Your goal
From the line containing "Bordo Erkek Uzun" through the end of the entries, please repeat every line exactly and nothing more; the pictures do not belong in the copy.

*-*-*

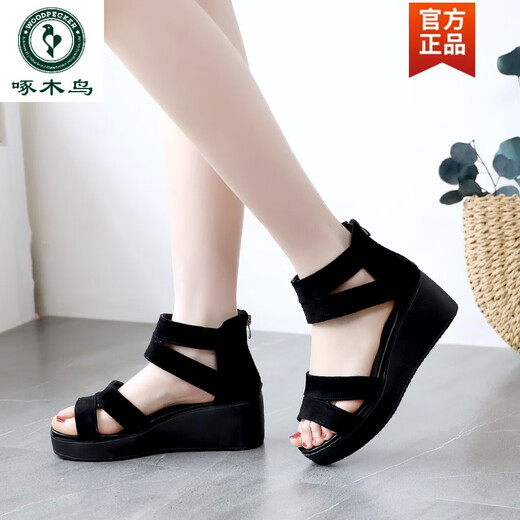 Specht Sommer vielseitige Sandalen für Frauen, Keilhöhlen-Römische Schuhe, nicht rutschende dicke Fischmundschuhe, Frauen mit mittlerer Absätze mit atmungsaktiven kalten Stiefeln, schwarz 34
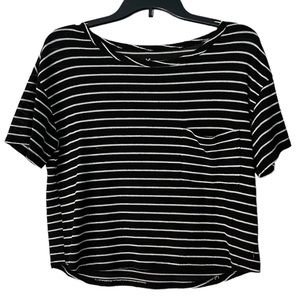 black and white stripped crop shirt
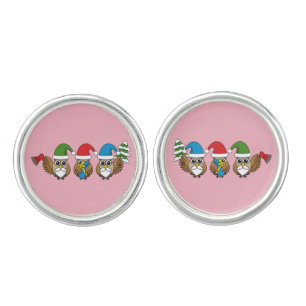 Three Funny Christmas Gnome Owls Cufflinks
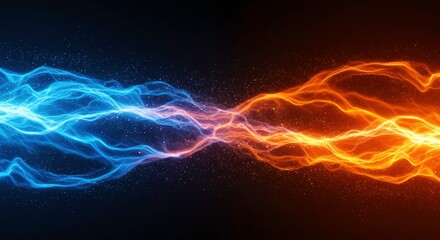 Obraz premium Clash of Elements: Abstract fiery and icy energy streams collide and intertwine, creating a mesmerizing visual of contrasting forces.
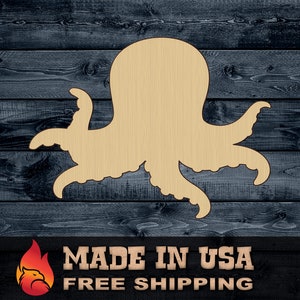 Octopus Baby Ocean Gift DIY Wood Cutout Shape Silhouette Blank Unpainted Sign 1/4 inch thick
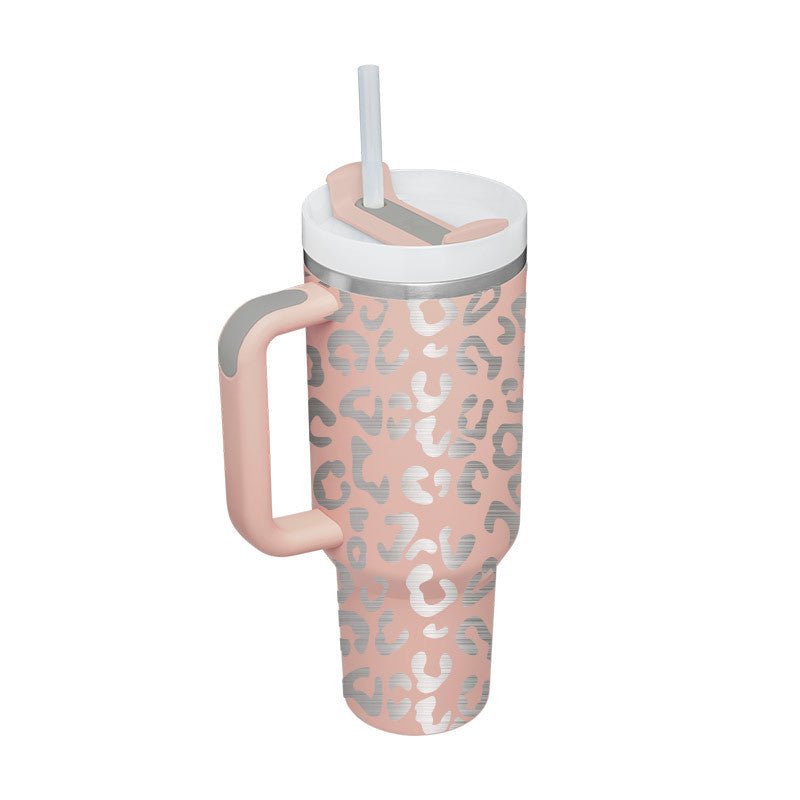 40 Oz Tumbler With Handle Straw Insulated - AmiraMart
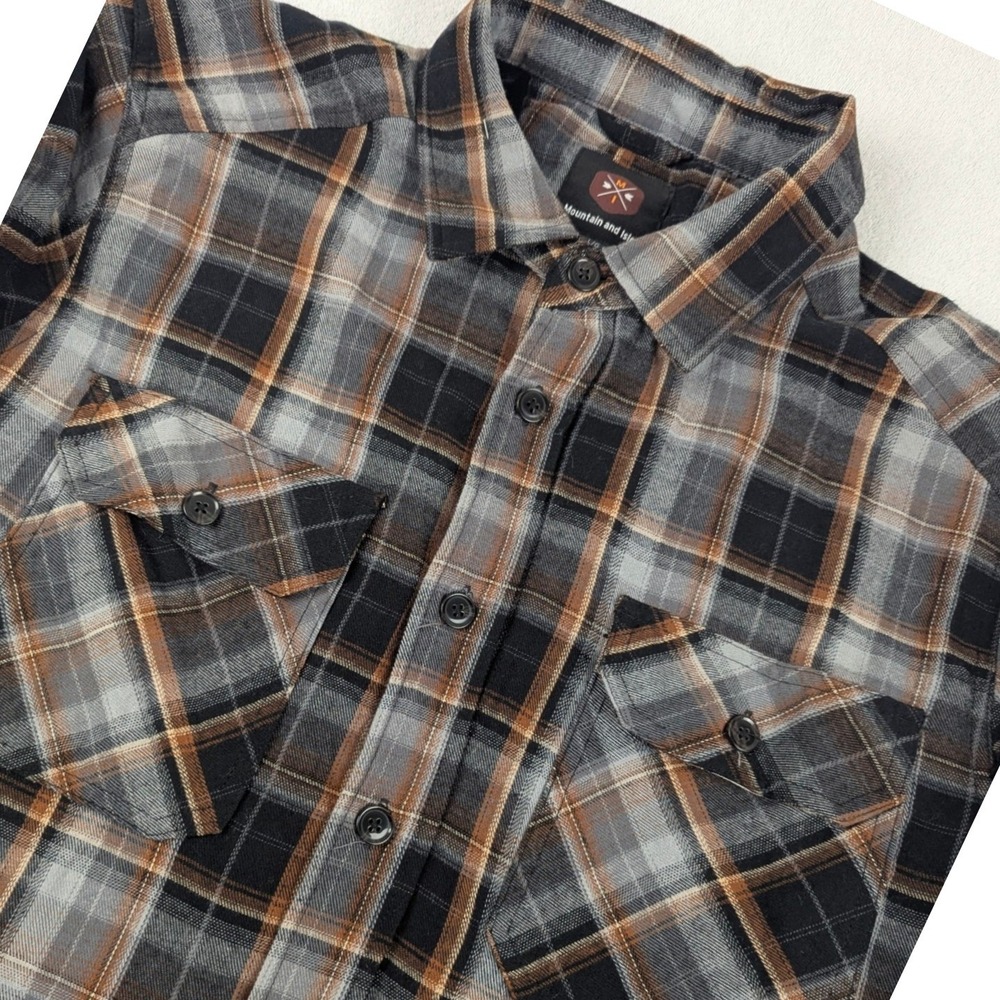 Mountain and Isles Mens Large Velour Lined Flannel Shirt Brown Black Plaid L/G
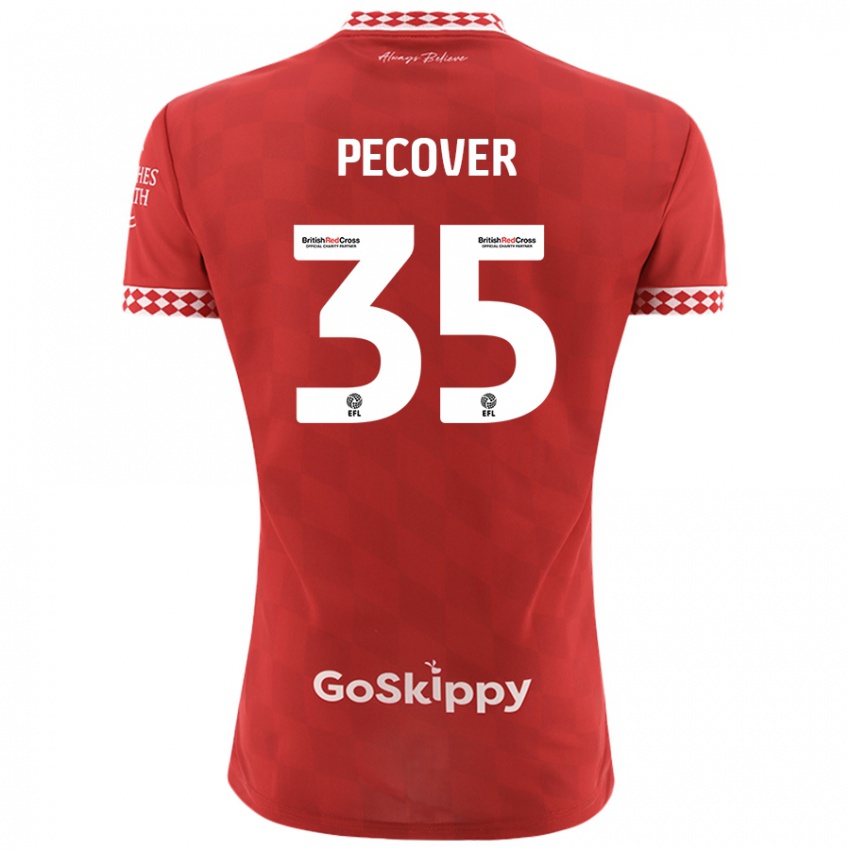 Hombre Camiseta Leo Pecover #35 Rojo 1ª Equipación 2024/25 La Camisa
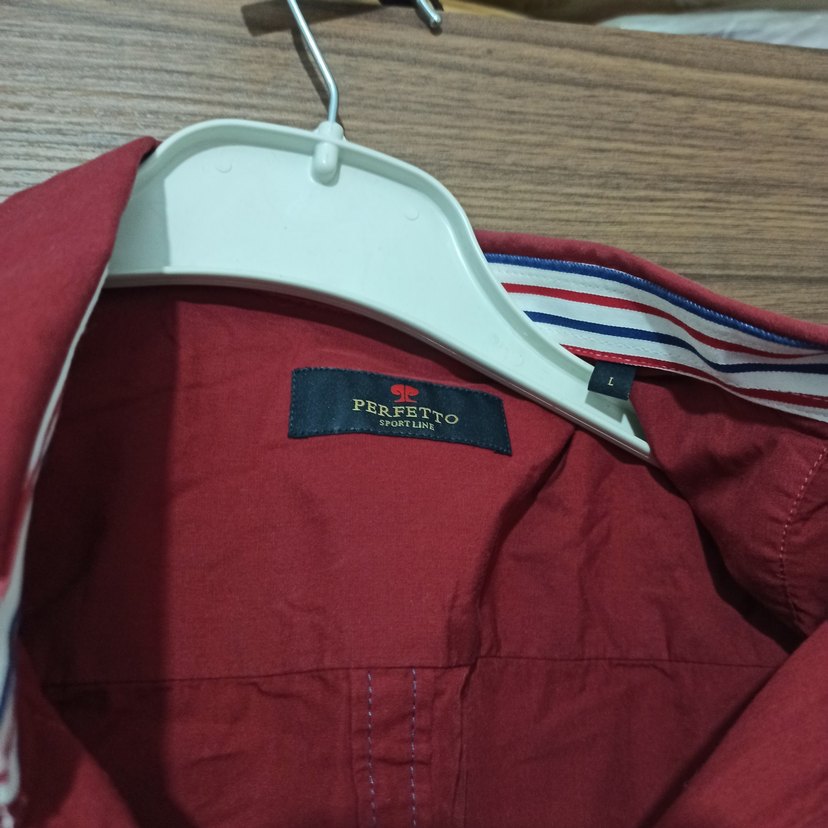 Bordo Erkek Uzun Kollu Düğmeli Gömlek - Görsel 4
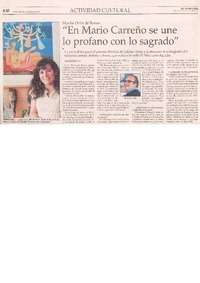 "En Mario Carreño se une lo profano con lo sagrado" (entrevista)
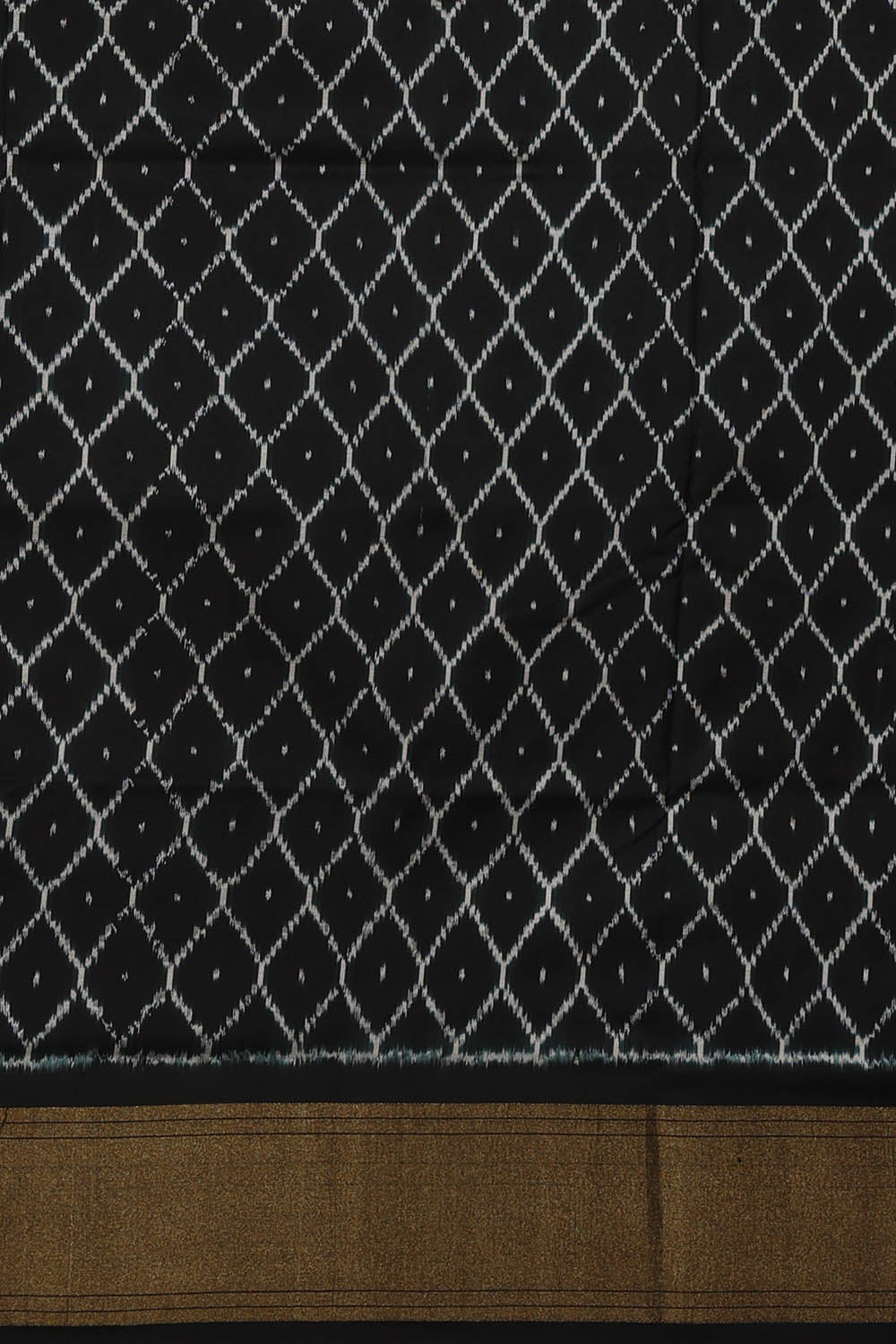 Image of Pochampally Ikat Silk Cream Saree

*-*-*

Written solution
 Bordo Erkek Uzun Kollu Düğmeli Gömlek - Görsel 4
 "En Mario Carreño se une lo profano con lo sagrado" (entrevista)
 Image of Pochampally Ikat Silk Cream Saree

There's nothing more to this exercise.